With the pictures left out, retype exactly the lines below starting at the line that contains "Sinbo Çaydanlığının Kulpunun" and ending at the line that contains "Ford-f-250-1984-blue-10".

[Data extracts Boundary: Start]

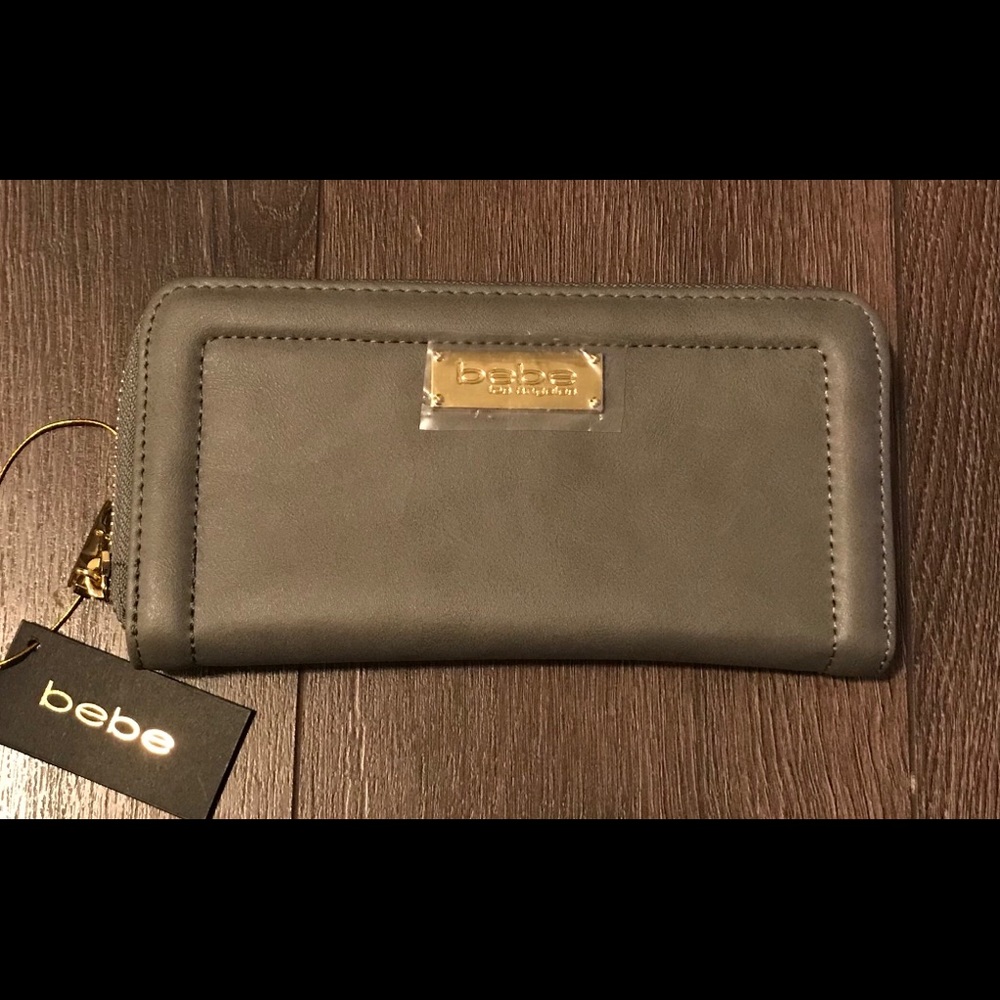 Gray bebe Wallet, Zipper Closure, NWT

[Data extracts Boundary: End]
[Data extracts Boundary: Start]

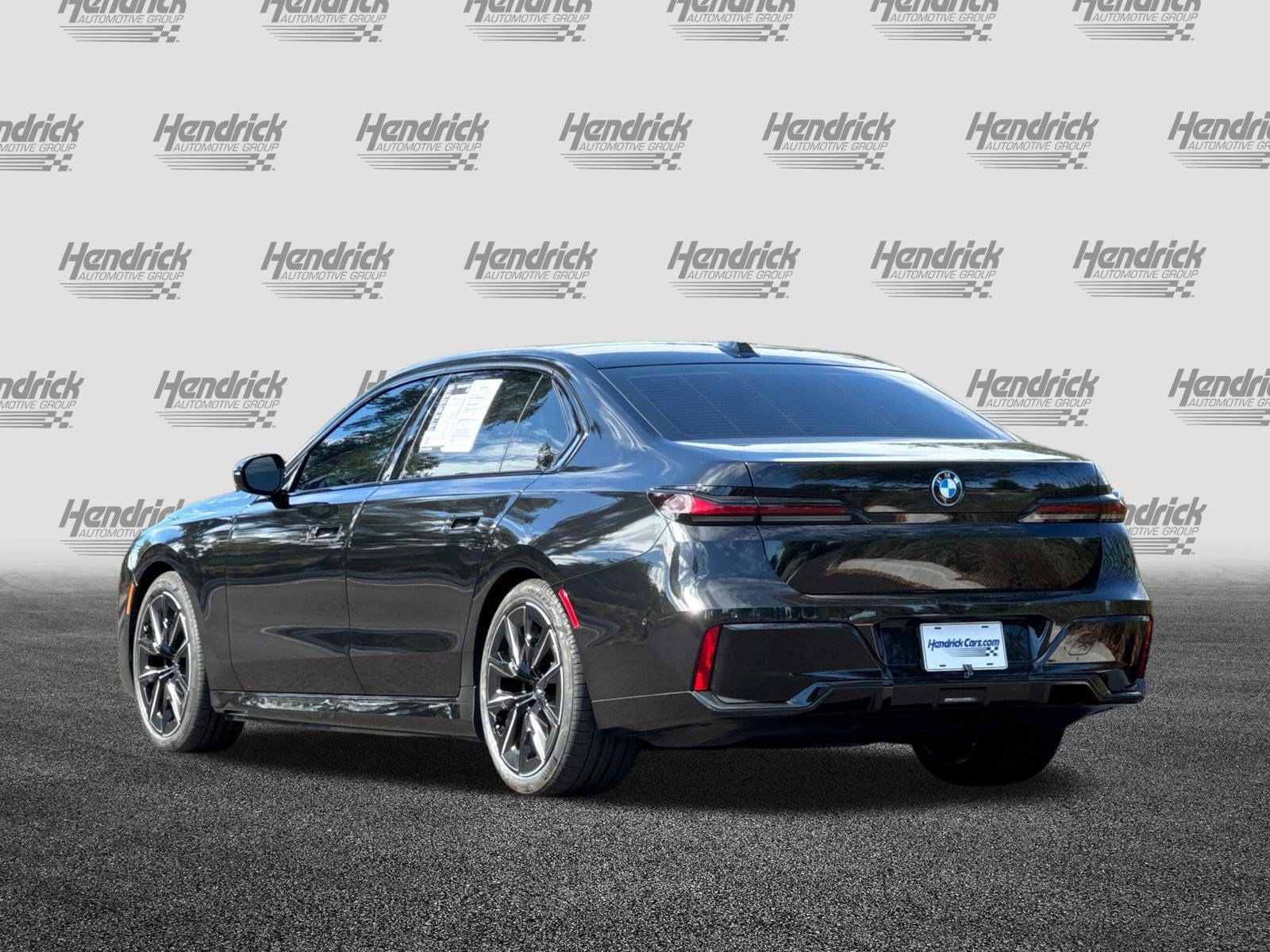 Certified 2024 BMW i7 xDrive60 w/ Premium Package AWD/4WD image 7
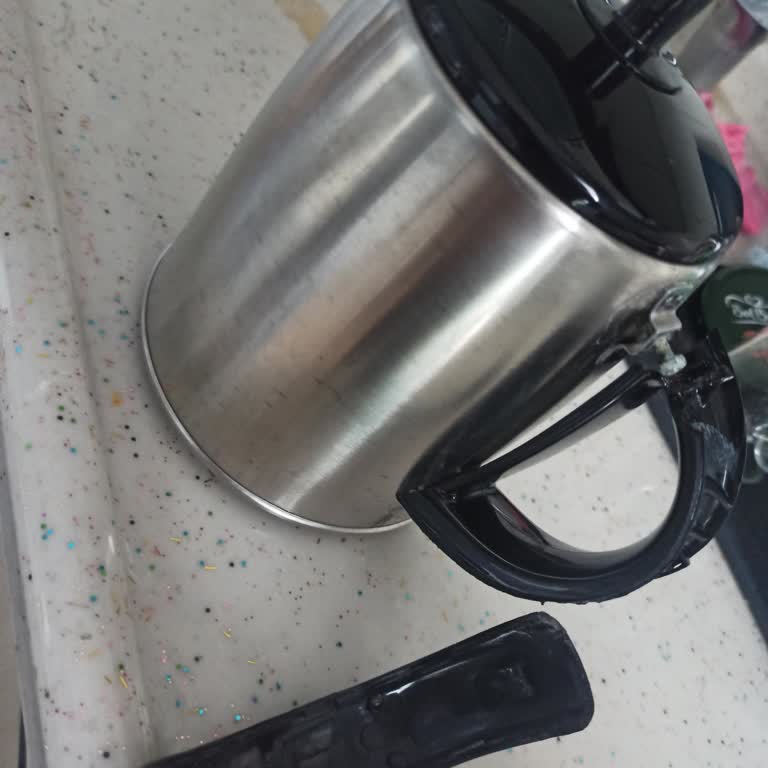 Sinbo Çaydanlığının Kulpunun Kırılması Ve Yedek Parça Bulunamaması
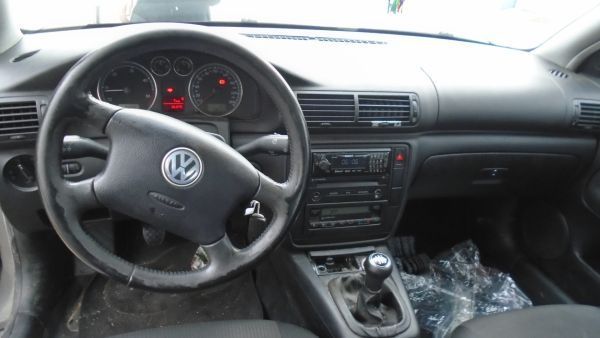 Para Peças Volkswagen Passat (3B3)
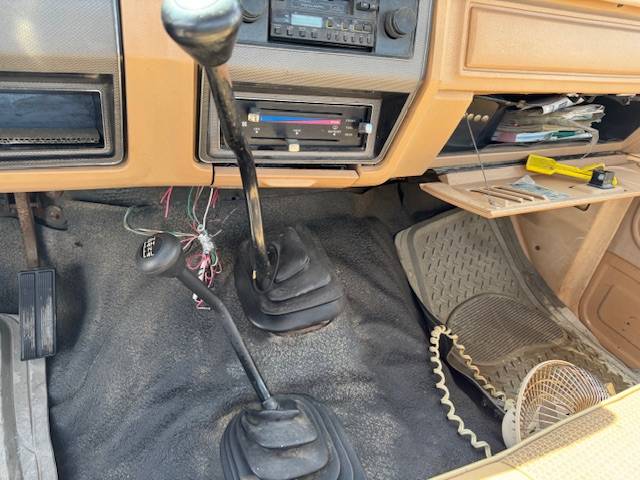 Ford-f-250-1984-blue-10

[Data extracts Boundary: End]
[Data extracts Boundary: Start]

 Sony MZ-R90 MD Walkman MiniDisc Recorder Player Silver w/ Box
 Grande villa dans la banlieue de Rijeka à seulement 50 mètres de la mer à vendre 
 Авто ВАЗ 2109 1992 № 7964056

[Data extracts Boundary: End]

* _Answer section_:
 Sinbo Çaydanlığının Kulpunun Kırılması Ve Yedek Parça Bulunamaması
 Para Peças Volkswagen Passat (3B3)
 Ford-f-250-1984-blue-10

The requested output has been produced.